• **Exercise objective**
Everything from the first line of the entries through the line containing "Fabric 5 Drawer" is to be retyped exactly, and nothing beyond it.

■ ■ ■ ■

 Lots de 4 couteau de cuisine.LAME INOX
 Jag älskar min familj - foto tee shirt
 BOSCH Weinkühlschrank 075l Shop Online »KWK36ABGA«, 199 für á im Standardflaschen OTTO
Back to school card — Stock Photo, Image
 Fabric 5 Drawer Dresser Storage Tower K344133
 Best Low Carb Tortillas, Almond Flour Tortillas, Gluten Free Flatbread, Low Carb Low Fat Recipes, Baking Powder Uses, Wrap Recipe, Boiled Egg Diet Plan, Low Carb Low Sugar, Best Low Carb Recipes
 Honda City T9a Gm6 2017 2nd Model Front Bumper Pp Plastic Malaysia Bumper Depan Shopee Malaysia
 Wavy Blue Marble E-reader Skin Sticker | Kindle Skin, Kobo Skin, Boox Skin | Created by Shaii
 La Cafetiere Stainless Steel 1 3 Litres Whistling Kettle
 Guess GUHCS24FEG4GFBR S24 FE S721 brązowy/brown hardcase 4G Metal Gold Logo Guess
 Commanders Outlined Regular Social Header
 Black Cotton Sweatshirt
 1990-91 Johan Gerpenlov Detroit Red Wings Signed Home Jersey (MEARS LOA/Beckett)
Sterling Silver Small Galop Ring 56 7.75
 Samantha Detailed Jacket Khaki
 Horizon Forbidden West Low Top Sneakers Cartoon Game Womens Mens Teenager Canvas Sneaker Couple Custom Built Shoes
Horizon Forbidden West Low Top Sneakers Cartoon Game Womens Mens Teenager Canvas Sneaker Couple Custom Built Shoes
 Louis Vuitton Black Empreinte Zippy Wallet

■ ■ ■ ■

• **Exercise solution**
 Lots de 4 couteau de cuisine.LAME INOX
 Jag älskar min familj - foto tee shirt
 BOSCH Weinkühlschrank 075l Shop Online »KWK36ABGA«, 199 für á im Standardflaschen OTTO
Back to school card — Stock Photo, Image
 Fabric 5 Drawer Dresser Storage Tower K344133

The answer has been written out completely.